Thursday, February 7, 2008

McCain and "independent" candidates

In this election-- given the discontent with the major political parties and given the "flawed" choices on the Republican side-- there has always been a relatively high probability of an independent candidate or two. With the probable choice of McCain (vs. Obama or Clinton), we can now speculate more specifically about the possibility of third-party candidates.

In particular, there is an increased likelihood of a candidate (or two) who wants to end the War in Iraq and is strongly opposed to illegal immigration (or more broadly, to immigration). But there would now seem to be a lower probability of a centrist/"third-way" candidate.

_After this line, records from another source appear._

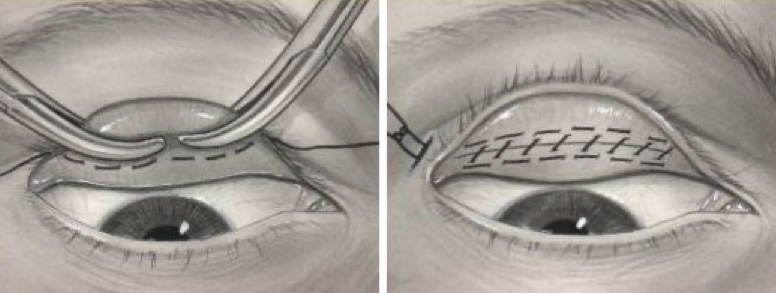 Операция Фазанелла-Серват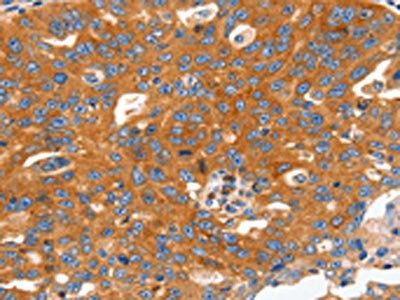 CAP2 Antibody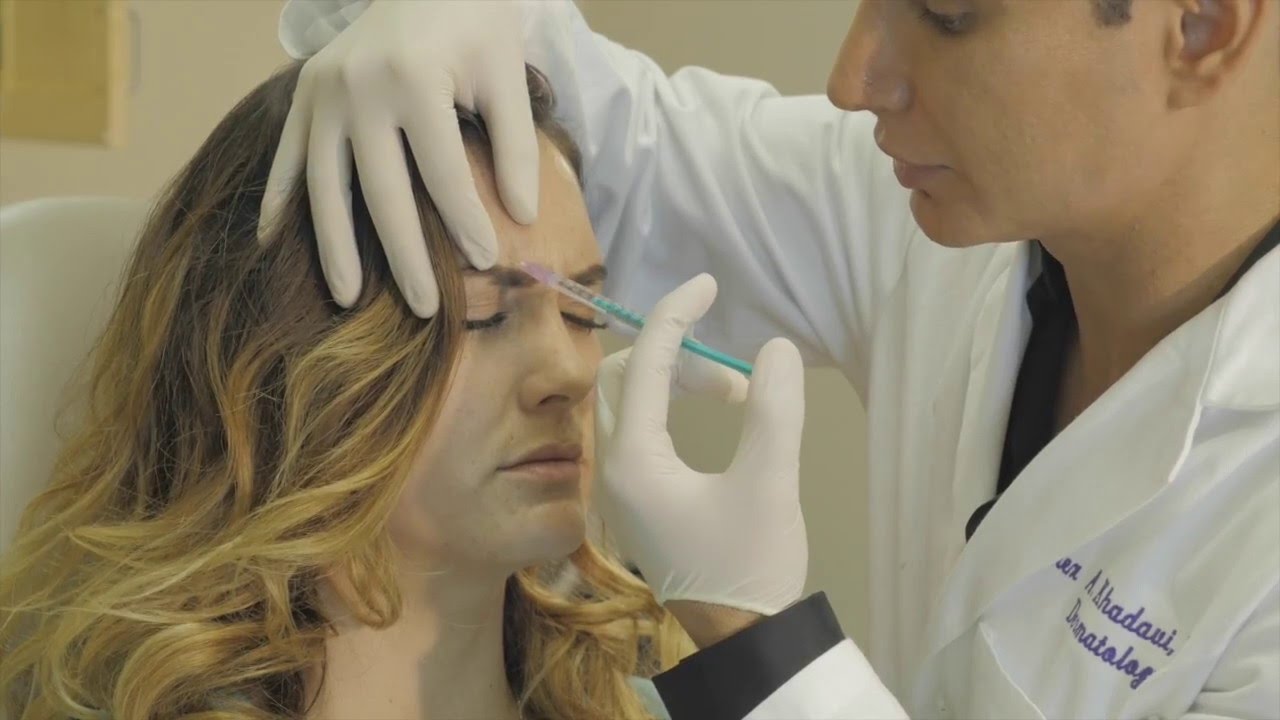 How Botox is injected in the forehead to reduce forehead wrinkles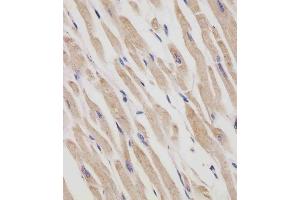 (ABIN6242408 and ABIN6577250) staining RANBP9 in human heart tissue sections by Immunohistochemistry (IHC-P - paraformaldehyde-fixed, paraffin-embedded sections). (Importin 9 anticorps  (AA 1-388))
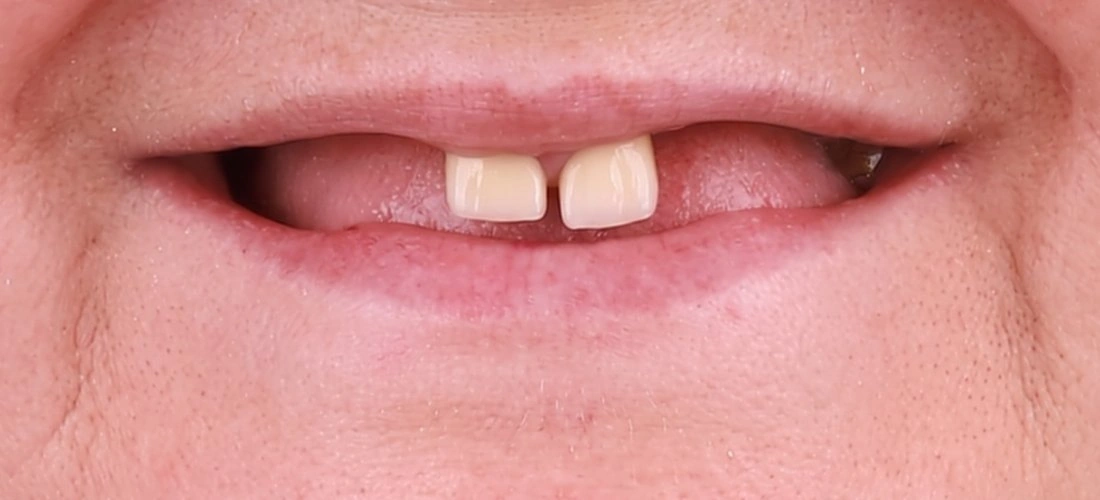 Przed leczeniem — dwa pozostałe zęby przednie w szczęce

To name names, a candidate like Michael Bloomberg now seems less likely. But candidates like Lou Dobbs or Tom Tancredo-- and Ralph Nader or another anti-war type-- are more likely. In addition to his appeal among Libertarians, if Ron Paul decides to run as that party's nominee, he might bridge either or both the immigration and anti-War groups. But he might not be strong enough in his rhetoric for the Dobbs crowd-- and to either group, his emphasis on limited, constitutional government might be prohibitively painful for most anti-War types to support.

Finally, from the perspective of a "third-party" Congressional candidate, more dissatisfaction with the major parties and their presidential nominees-- and the presence of independent candidates-- are both at least a small benefit to my campaign.